──────── GIVEN INFORMATION

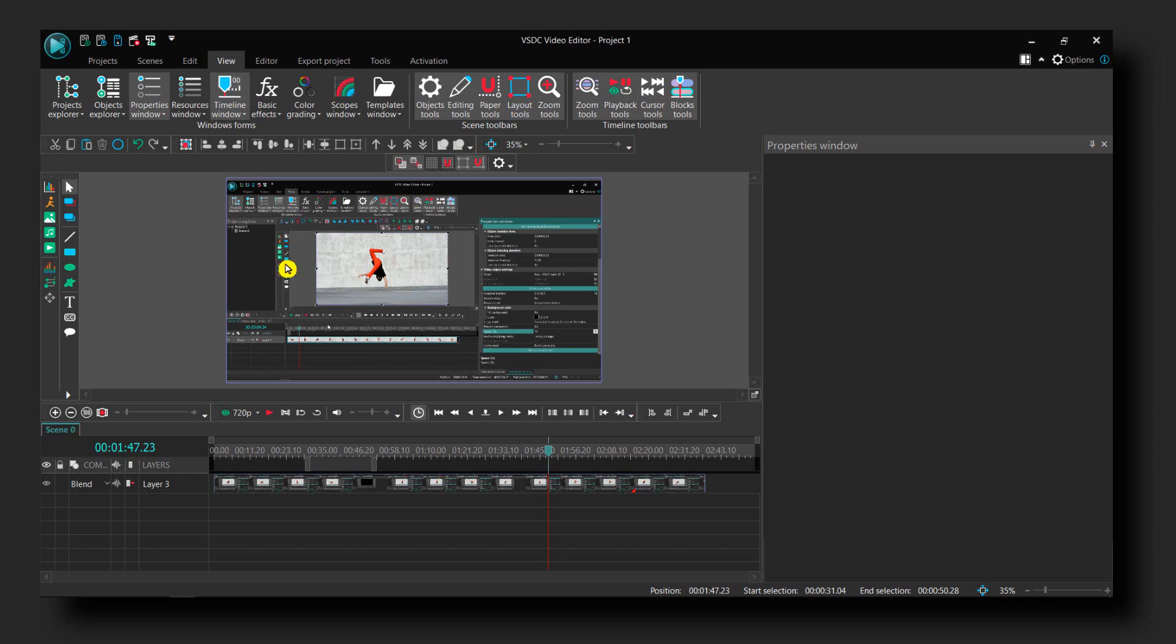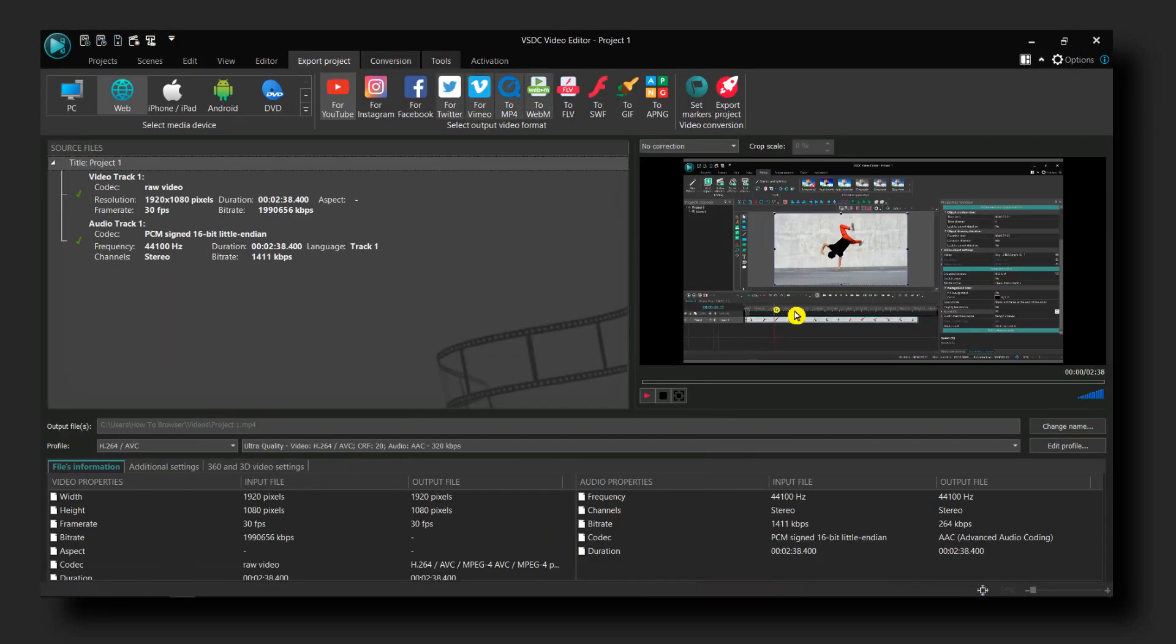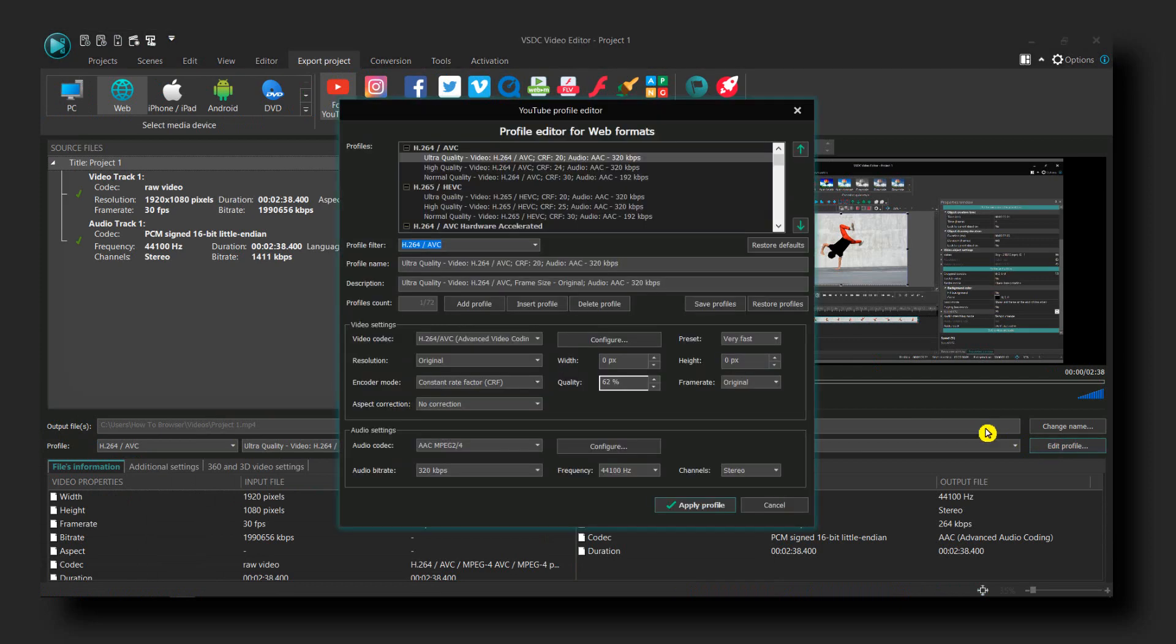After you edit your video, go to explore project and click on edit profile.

────────────────
──────── GIVEN INFORMATION

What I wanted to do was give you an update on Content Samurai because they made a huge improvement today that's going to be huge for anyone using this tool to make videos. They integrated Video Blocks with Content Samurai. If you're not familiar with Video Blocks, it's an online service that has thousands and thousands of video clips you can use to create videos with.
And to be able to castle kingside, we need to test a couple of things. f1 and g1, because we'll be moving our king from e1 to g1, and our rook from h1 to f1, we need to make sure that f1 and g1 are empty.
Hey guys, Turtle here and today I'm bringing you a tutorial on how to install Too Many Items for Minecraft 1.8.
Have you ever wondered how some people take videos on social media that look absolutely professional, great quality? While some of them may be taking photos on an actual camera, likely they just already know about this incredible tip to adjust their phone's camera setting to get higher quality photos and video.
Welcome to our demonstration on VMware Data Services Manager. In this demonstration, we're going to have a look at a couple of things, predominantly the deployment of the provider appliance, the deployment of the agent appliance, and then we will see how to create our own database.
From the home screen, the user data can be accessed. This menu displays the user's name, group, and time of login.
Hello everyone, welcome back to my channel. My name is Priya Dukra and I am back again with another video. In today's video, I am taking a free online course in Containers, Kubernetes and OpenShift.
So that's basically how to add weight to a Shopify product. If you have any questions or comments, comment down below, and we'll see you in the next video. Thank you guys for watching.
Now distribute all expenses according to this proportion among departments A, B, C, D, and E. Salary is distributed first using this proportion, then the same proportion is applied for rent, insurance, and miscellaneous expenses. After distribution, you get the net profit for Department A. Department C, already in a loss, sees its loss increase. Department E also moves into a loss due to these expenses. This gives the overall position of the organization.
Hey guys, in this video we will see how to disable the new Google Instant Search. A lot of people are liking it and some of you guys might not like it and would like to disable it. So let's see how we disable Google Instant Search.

────────────────
──────── GIVEN INFORMATION

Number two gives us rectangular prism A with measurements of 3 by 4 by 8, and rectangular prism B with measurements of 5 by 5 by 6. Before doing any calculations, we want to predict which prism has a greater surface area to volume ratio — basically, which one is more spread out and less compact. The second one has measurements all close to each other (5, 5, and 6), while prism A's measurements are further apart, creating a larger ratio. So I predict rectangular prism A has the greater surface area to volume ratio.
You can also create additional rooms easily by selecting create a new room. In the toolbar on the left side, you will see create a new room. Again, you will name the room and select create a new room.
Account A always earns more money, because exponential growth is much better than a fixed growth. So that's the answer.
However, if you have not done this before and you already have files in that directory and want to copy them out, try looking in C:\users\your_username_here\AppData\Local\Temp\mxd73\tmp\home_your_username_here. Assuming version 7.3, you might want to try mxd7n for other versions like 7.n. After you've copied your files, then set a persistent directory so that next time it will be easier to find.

────────────────

ACTIVITY: Take the entries above and return only the lines from the one with "Hello everyone, welcome" to the one with "So that's basically", both included, unchanged.

TASK RESULT:
Hello everyone, welcome back to my channel. My name is Priya Dukra and I am back again with another video. In today's video, I am taking a free online course in Containers, Kubernetes and OpenShift.
So that's basically how to add weight to a Shopify product. If you have any questions or comments, comment down below, and we'll see you in the next video. Thank you guys for watching.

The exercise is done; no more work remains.